Provably Powerful Graph Neural Networks for Directed Multigraphs
Béni Egressy, Luc von Niederhäusern, Jovan Blanusa, Erik Altman, Roger Wattenhofer, Kubilay Atasu
TL;DR
This paper tackles the challenge of learning on directed multigraphs by proposing three simple adaptations—reverse message passing, directed multigraph port numbering, and ego IDs—that transform standard GNNs into provably powerful directed multigraph learners. The authors prove that, when combined, these adaptations enable a GNN to identify any directed subgraph pattern, and they validate the theory with synthetic pattern-detection tasks and practical financial-crime datasets (money laundering and phishing).

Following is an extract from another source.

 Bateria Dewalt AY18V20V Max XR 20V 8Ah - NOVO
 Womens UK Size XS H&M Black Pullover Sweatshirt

Empirically, the adaptations yield large gains in minority-class F1 scores over baselines, with reverse MP driving accuracy on degree-out and port numbering enabling fan-in/out detection, while ego IDs contribute in select complex patterns. The approach also shows promise on real-world benchmarks, offering a scalable, extensible framework for directed multigraph analytics beyond finance, with avenues for future work in broader domains and complexity-aware trade-offs.
Abstract
This paper analyses a set of simple adaptations that transform standard message-passing Graph Neural Networks (GNN) into provably powerful directed multigraph neural networks. The adaptations include multigraph port numbering, ego IDs, and reverse message passing. We prove that the combination of these theoretically enables the detection of any directed subgraph pattern. To validate the effectiveness of our proposed adaptations in practice, we conduct experiments on synthetic subgraph detection tasks, which demonstrate outstanding performance with almost perfect results. Moreover, we apply our proposed adaptations to two financial crime analysis tasks. We observe dramatic improvements in detecting money laundering transactions, improving the minority-class F1 score of a standard message-passing GNN by up to 30%, and closely matching or outperforming tree-based and GNN baselines. Similarly impressive results are observed on a real-world phishing detection dataset, boosting three standard GNNs' F1 scores by around 15% and outperforming all baselines.